D. Markovic, F. K. Lamb (UIUC)

In previous work on the effects of frame-dragging on viscous accretion disks around black holes and neutron stars, we discovered gravitomagnetically precessing global modes localized near the inner edge of the Keplerian flow. The highest-frequency modes of this type precess in the prograde direction with frequencies slightly lower than the Lense-Thirring precession frequency at the mean radius of the mode. Contrary to what had been expected since the pioneering work of Bardeen & Petterson, these modes are very weakly damped (Q \approx 20--50) and are therefore likely to be excited. We present analytical arguments that shed further light on the nature of these modes and allow a better understanding of the symmetry-breaking pattern of viscous dissipation they create.

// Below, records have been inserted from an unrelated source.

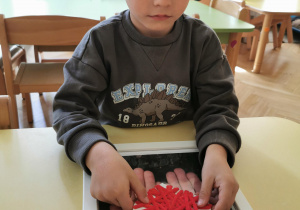 Prezent dla mamy i taty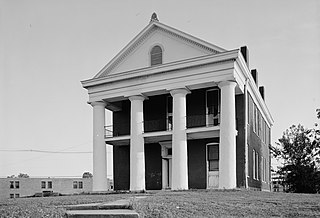 Alcorn State University Historic District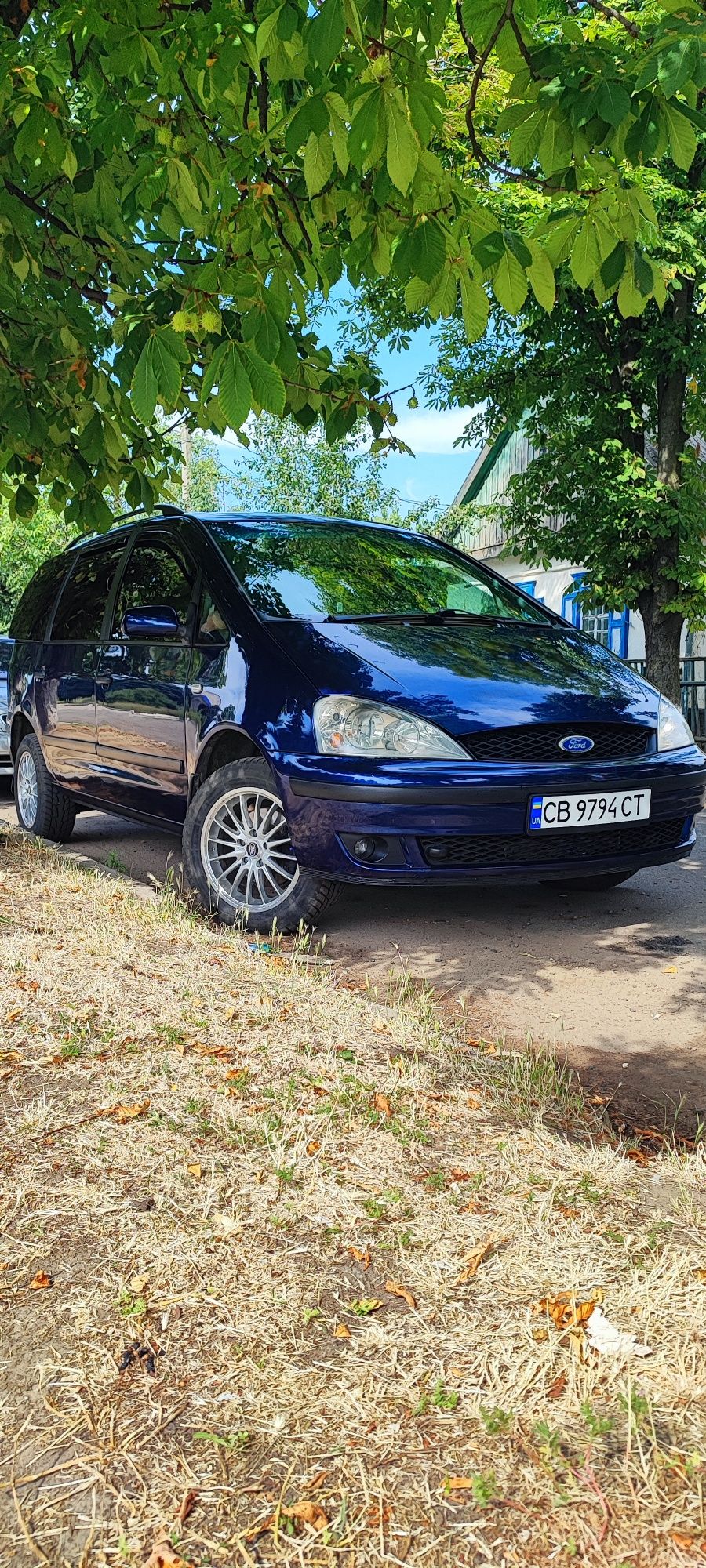 Ford Galaxy 1.9TDI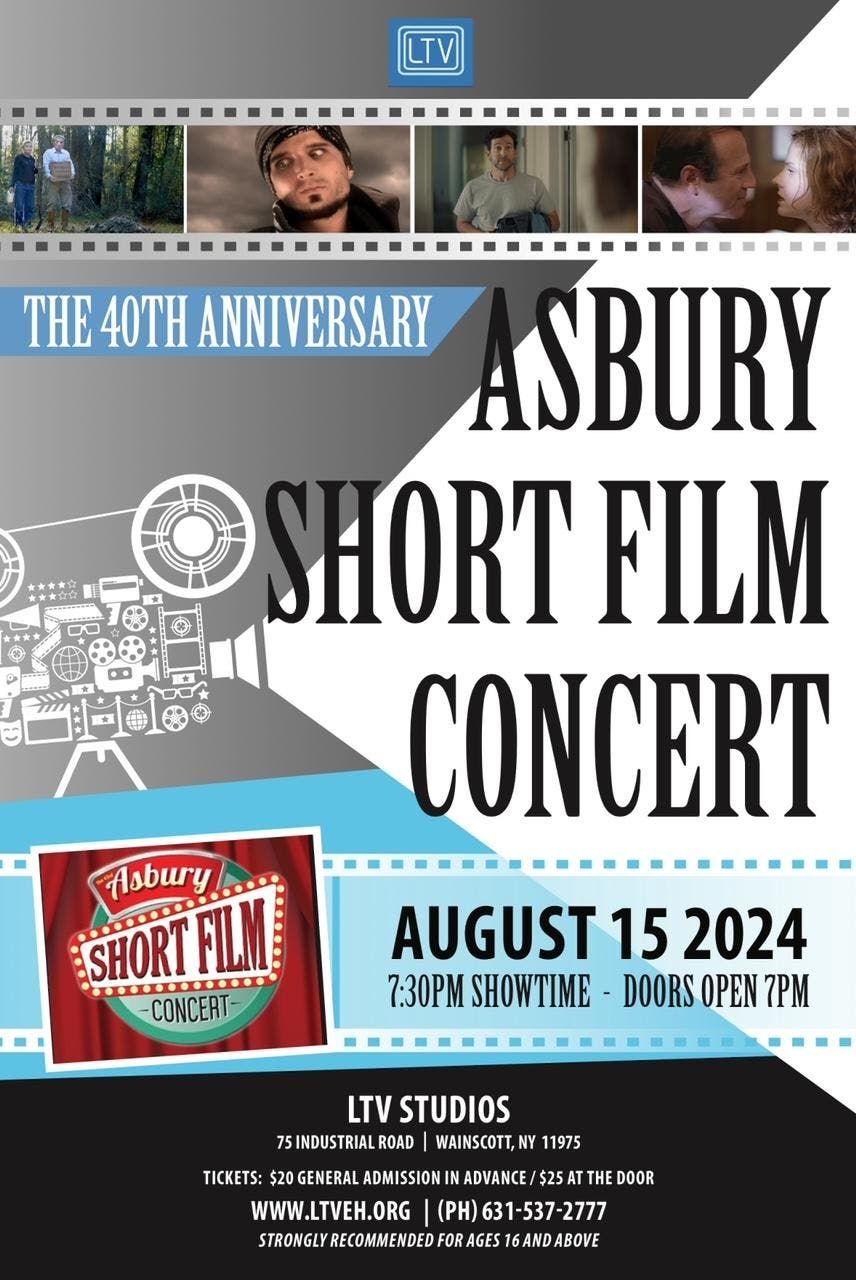 Asbury Short Film Concert - World's Best Short Films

The two highest-frequency modes tilt the innermost part of the Keplerian flow, redirecting gas crossing the sonic radius. As we discuss, these modes are likely to be the most easily excited and may be excited by magnetoturbulence in the disk or interaction of the disk with a stellar magnetic field. They may modulate X-ray emission from black holes and neutron stars by periodically altering the inspiral of gas from the Keplerian disk, by periodically obscuring emission from the inner disk or star, or by creating a rotating pattern of enhanced emission. This modulation is expected to create power spectral peaks at ~1--10 Hz in black hole sources and at ~10--40 Hz in the kilohertz QPO sources. It may also produce sidebands on the kilohertz QPOs, separated from the main peaks by ~10--40 Hz. Detecting and measuring the frequencies of these modes would provide valuable new information about the strongly curved, twisting spacetime expected near spinning neutron stars and black holes. This research was supported in part by the NSF and NASA.